До сих пор помню отчетливо всех жильцов этих домов. В нашем доме №1 на втором этаже жили три сестры Кузнецовы, не то вдовы, не то старые девы, не помню. В другой квартире напротив них жила семья Дзыгарей. Александр Дзыгарь был известным скрипачом, ездил на гастроли. Они со своей женой Марой были красивой парой. У них было двое детей-малышей. Совсем недавно я прочитала в газете НСМ, что А. Дзыгарь умер. В 1945 г. его, как и многих русских мужчин, «СМЕРШ» вывез в СССР и посадил на 11 лет за несуществующие деяния. Дзыгарь же пробыл на севере 25 лет, потерял семью и ценную скрипку. После реабилитации пришлось начинать жизнь заново. Умер он в Москве, где жил в последние годы.

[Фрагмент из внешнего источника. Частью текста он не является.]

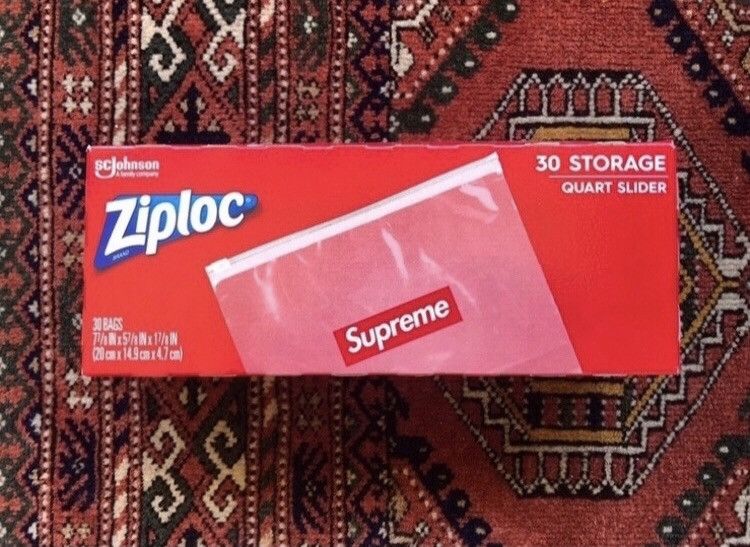 Supreme Supreme Ziploc Bags (Box of 30) | Grailed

На третьем этаже жила бездетная семья. Он был коммерсантом. Жили они зажиточно, а мадам-«барыня», как её величали, не работала, естественно, и всё прогуливалась по двору в роскошном халате со своей болонкой.

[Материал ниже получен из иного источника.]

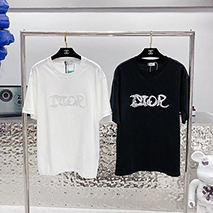 ディオール 偽物 Tシャツ コットンブラック ホワイト ded36856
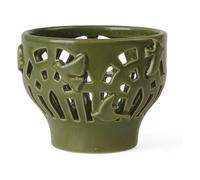 Kähler Design Orangery Garden 691203 - Portavelas (cerámica, 9,5 x 7,5 cm), Color Verde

Напротив них жила семья Перебойносовых. Он где-то служил, был женат на китаянке. Единственный, случай, когда русский женился на китаянке. Она была европеизированная, говорила по-русски, но с сильным акцентом. С их милой дочкой-полукровкой Светой мы были очень дружны, что называется, не разлей вода. Она была на год младше меня, и когда я пошла в школу и корпела над домашними заданиями, она мучилась в ожидании, через каждые 10 минут подходила к окну и спрашивала: «Ты скоро?» «Скоро, скоро», – отвечала я, но проклятые палочки и закорючки так медленно поддавались написанию, что я сама ёрзала от нетерпения. Но вот, наконец, последняя закорючка дописана, бегу во двор, мы с упоением начинаем играть в «дом», нянчим кукол, мастерим из листьев пельмени с песком, наводим уют в кукольной квартире, но вскоре уже нас зовут домой, так как времени уже много и пора ужинать и спать. Ведь завтра рано в школу. Светка первая просветила меня в тайны женского организма и как появляются дети. Я не поверила, не могла себе представить, что такой большой ребенок появляется таким образом.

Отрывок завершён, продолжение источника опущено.